• [Task instructions]:
Line by line, transcribe the listing below without omission.

- - - -

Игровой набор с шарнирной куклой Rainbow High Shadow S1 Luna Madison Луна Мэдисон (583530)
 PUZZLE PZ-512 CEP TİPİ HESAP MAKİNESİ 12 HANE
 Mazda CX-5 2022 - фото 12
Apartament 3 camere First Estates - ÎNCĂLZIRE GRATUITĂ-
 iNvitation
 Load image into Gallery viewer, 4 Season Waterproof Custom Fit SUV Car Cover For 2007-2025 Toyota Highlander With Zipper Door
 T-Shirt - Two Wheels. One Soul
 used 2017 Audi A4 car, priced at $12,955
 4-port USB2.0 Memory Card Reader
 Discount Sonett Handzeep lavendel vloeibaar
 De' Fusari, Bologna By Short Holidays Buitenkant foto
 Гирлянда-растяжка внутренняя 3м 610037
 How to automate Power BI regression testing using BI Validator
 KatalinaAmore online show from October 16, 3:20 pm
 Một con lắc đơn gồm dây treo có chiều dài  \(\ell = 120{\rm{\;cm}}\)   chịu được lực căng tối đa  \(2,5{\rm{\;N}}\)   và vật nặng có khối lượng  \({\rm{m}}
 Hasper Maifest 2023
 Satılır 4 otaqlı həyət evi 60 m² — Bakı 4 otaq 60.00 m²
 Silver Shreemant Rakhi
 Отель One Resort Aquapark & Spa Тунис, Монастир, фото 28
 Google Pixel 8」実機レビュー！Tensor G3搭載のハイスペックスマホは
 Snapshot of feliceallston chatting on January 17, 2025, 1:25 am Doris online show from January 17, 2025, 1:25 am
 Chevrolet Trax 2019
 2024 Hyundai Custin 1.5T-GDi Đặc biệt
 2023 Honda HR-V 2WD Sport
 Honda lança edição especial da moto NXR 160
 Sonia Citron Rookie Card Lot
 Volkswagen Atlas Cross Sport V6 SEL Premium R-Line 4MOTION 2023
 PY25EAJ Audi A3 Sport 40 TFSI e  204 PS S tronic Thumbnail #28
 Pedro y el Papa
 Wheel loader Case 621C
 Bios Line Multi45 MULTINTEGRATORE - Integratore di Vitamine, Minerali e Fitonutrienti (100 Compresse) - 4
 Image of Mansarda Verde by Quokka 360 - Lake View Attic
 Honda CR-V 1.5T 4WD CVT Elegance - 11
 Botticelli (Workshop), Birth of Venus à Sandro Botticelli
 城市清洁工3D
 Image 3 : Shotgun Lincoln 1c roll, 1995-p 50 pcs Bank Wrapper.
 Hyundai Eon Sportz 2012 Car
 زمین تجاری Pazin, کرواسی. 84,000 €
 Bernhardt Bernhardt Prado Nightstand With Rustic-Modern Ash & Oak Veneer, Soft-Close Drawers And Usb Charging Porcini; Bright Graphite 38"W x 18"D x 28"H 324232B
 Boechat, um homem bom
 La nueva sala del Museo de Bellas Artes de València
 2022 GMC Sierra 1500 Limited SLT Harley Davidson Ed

- - - -

• [Answer for the task]:
Игровой набор с шарнирной куклой Rainbow High Shadow S1 Luna Madison Луна Мэдисон (583530)
 PUZZLE PZ-512 CEP TİPİ HESAP MAKİNESİ 12 HANE
 Mazda CX-5 2022 - фото 12
Apartament 3 camere First Estates - ÎNCĂLZIRE GRATUITĂ-
 iNvitation
 Load image into Gallery viewer, 4 Season Waterproof Custom Fit SUV Car Cover For 2007-2025 Toyota Highlander With Zipper Door
 T-Shirt - Two Wheels. One Soul
 used 2017 Audi A4 car, priced at $12,955
 4-port USB2.0 Memory Card Reader
 Discount Sonett Handzeep lavendel vloeibaar
 De' Fusari, Bologna By Short Holidays Buitenkant foto
 Гирлянда-растяжка внутренняя 3м 610037
 How to automate Power BI regression testing using BI Validator
 KatalinaAmore online show from October 16, 3:20 pm
 Một con lắc đơn gồm dây treo có chiều dài  \(\ell = 120{\rm{\;cm}}\)   chịu được lực căng tối đa  \(2,5{\rm{\;N}}\)   và vật nặng có khối lượng  \({\rm{m}}
 Hasper Maifest 2023
 Satılır 4 otaqlı həyət evi 60 m² — Bakı 4 otaq 60.00 m²
 Silver Shreemant Rakhi
 Отель One Resort Aquapark & Spa Тунис, Монастир, фото 28
 Google Pixel 8」実機レビュー！Tensor G3搭載のハイスペックスマホは
 Snapshot of feliceallston chatting on January 17, 2025, 1:25 am Doris online show from January 17, 2025, 1:25 am
 Chevrolet Trax 2019
 2024 Hyundai Custin 1.5T-GDi Đặc biệt
 2023 Honda HR-V 2WD Sport
 Honda lança edição especial da moto NXR 160
 Sonia Citron Rookie Card Lot
 Volkswagen Atlas Cross Sport V6 SEL Premium R-Line 4MOTION 2023
 PY25EAJ Audi A3 Sport 40 TFSI e  204 PS S tronic Thumbnail #28
 Pedro y el Papa
 Wheel loader Case 621C
 Bios Line Multi45 MULTINTEGRATORE - Integratore di Vitamine, Minerali e Fitonutrienti (100 Compresse) - 4
 Image of Mansarda Verde by Quokka 360 - Lake View Attic
 Honda CR-V 1.5T 4WD CVT Elegance - 11
 Botticelli (Workshop), Birth of Venus à Sandro Botticelli
 城市清洁工3D
 Image 3 : Shotgun Lincoln 1c roll, 1995-p 50 pcs Bank Wrapper.
 Hyundai Eon Sportz 2012 Car
 زمین تجاری Pazin, کرواسی. 84,000 €
 Bernhardt Bernhardt Prado Nightstand With Rustic-Modern Ash & Oak Veneer, Soft-Close Drawers And Usb Charging Porcini; Bright Graphite 38"W x 18"D x 28"H 324232B
 Boechat, um homem bom
 La nueva sala del Museo de Bellas Artes de València
 2022 GMC Sierra 1500 Limited SLT Harley Davidson Ed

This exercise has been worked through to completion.